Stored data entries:
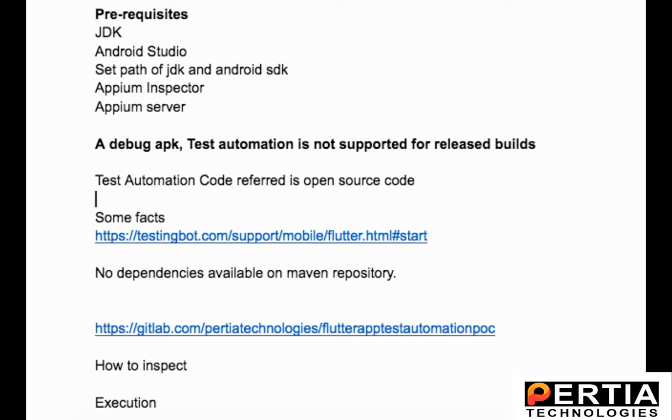Second thing is you will not find any Maven repository for the libraries that you need to access the Flutter elements. The way we have for Appium, you don't really get a Maven repository for Appium Flutter driver. Appium Flutter driver is something you're going to need to access the Flutter elements.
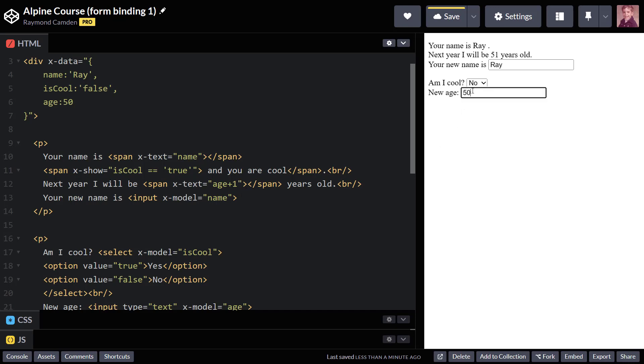But watch this. If I change my age to 51, instead of getting 52, I get 511. That's because the value here is a string. And when you add a number to a string, it's just going to append it to the end.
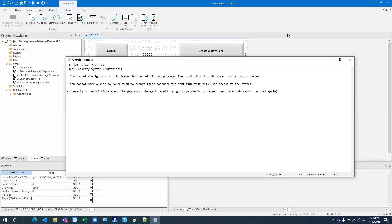So what I created is an application that does that. Basically, this application covers three points. By default, the local security system has some limitations. First, you cannot configure a user to force them to set their own password the first time they access the system. Second, you cannot mark a user to force them to change their password the next time they access the system — which is different from the first one, because the first applies to a newly created user with a temporary password.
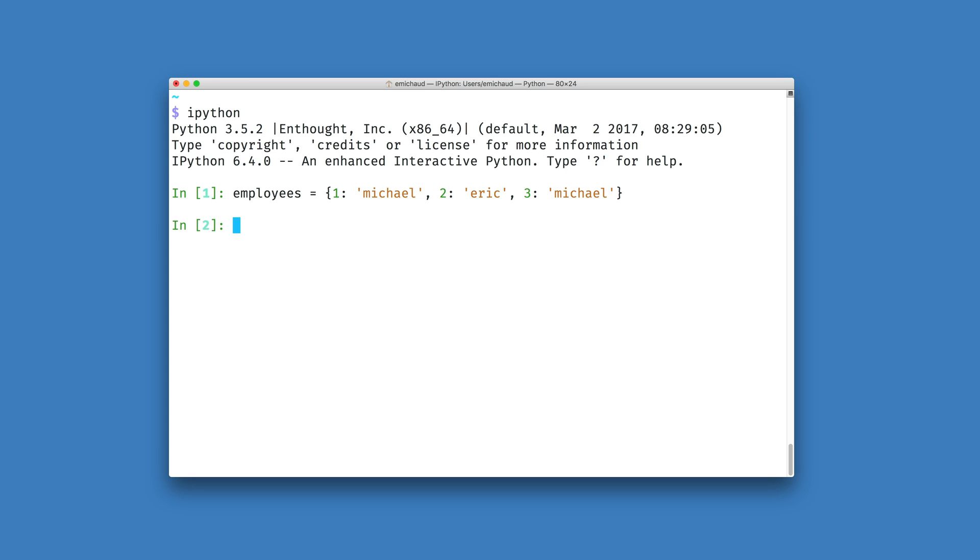Now this is a little trickier. There's not a built-in function in Python that does this, because Python dictionaries are one-way mappings from keys to values.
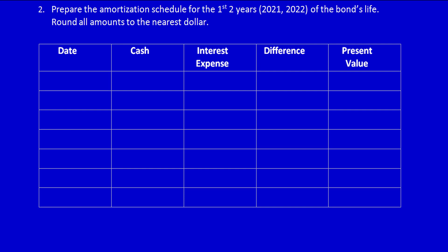Alright, I always like to start with the date that I issued the bond, so that's January 1st, 2021. I don't use any of these columns yet, I just want to note the present value today at January 1st, 2021: $139,012. Now I'm going to move on to the first payment, which is on June 30th, 2021.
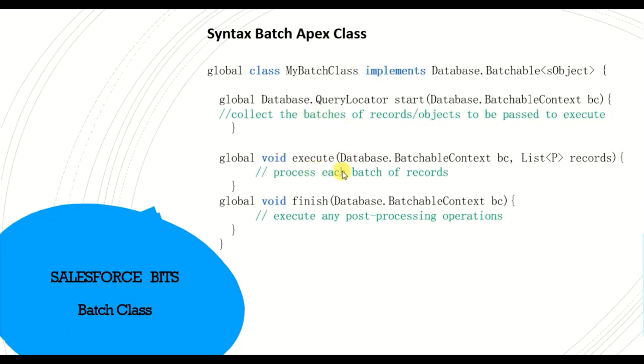If you have thousand records and by default it's 200 per batch, so this execute method will execute five times and then comes to the finish method. So that's when all the finishing activities like sending email or calling another batch class, depending on what you want to do, you can do that.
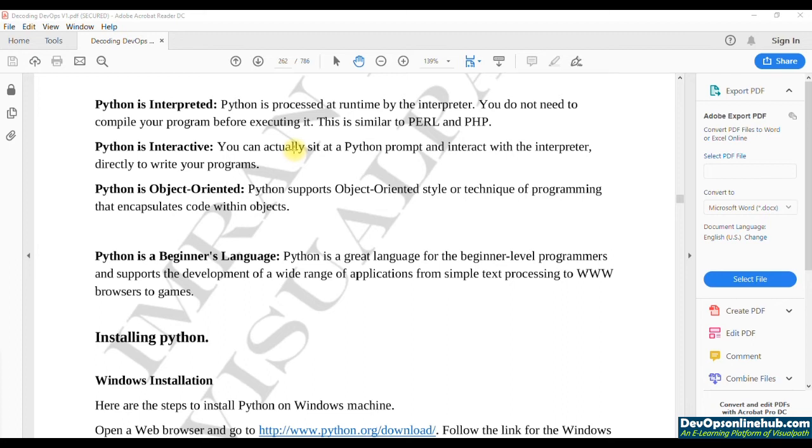Python is also object oriented, but we are not going to see object-oriented style in this course. In so many places, Python is used as a beginner's language. Gone are those days when C used to be the beginner's language. Now Python is the new beginner's language.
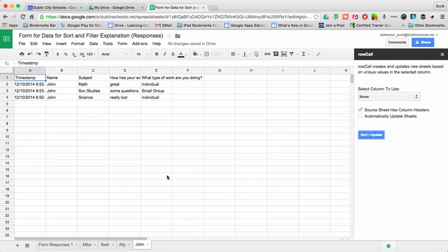I might find this to be very helpful in a classroom where I want to separate and look at each student independently. That is called the Row Call add-on for Google Sheets.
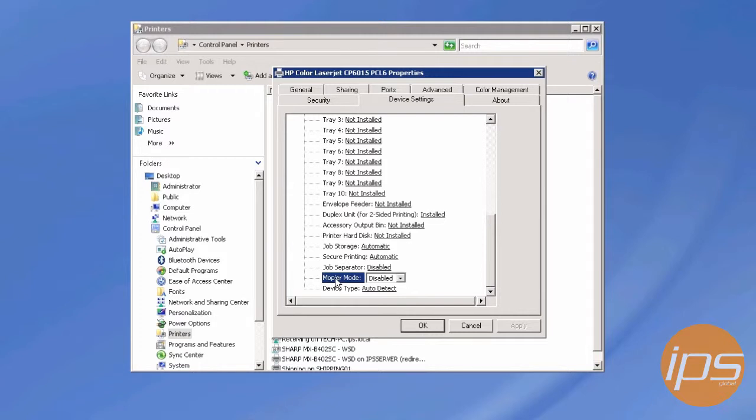You can check if your printer has a hard disk on the configuration page, and that should resolve the issues you get with print jobs when you print multiple copies. I hope this helps you solve any issues you currently have. Thank you from IPS Global.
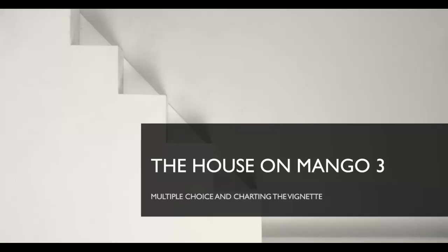Hello and welcome to Mango 3 or 3.5 as it is on your assignment. Today we're going to look at how to chart a vignette. So we're going to look at the vignettes that you guys looked at last week and figure out how we go about taking them apart and finding all the most important pieces.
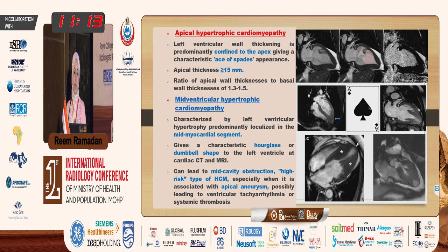The third type is apical HCM. Apical HCM is confined to the apex and gives a characteristic ace-of-spades appearance. The apical wall thickness should exceed 1.3 to 1.5 millimeters.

■ EXERCISE DIRECTIONS: Nothing but the lines from the one that contains "Python is also" through the last line of the records belongs in the answer, reproduced exactly, with no pictures.

■ ANSWER:
Python is also object oriented, but we are not going to see object-oriented style in this course. In so many places, Python is used as a beginner's language. Gone are those days when C used to be the beginner's language. Now Python is the new beginner's language.
I might find this to be very helpful in a classroom where I want to separate and look at each student independently. That is called the Row Call add-on for Google Sheets.
You can check if your printer has a hard disk on the configuration page, and that should resolve the issues you get with print jobs when you print multiple copies. I hope this helps you solve any issues you currently have. Thank you from IPS Global.
Hello and welcome to Mango 3 or 3.5 as it is on your assignment. Today we're going to look at how to chart a vignette. So we're going to look at the vignettes that you guys looked at last week and figure out how we go about taking them apart and finding all the most important pieces.
The third type is apical HCM. Apical HCM is confined to the apex and gives a characteristic ace-of-spades appearance. The apical wall thickness should exceed 1.3 to 1.5 millimeters.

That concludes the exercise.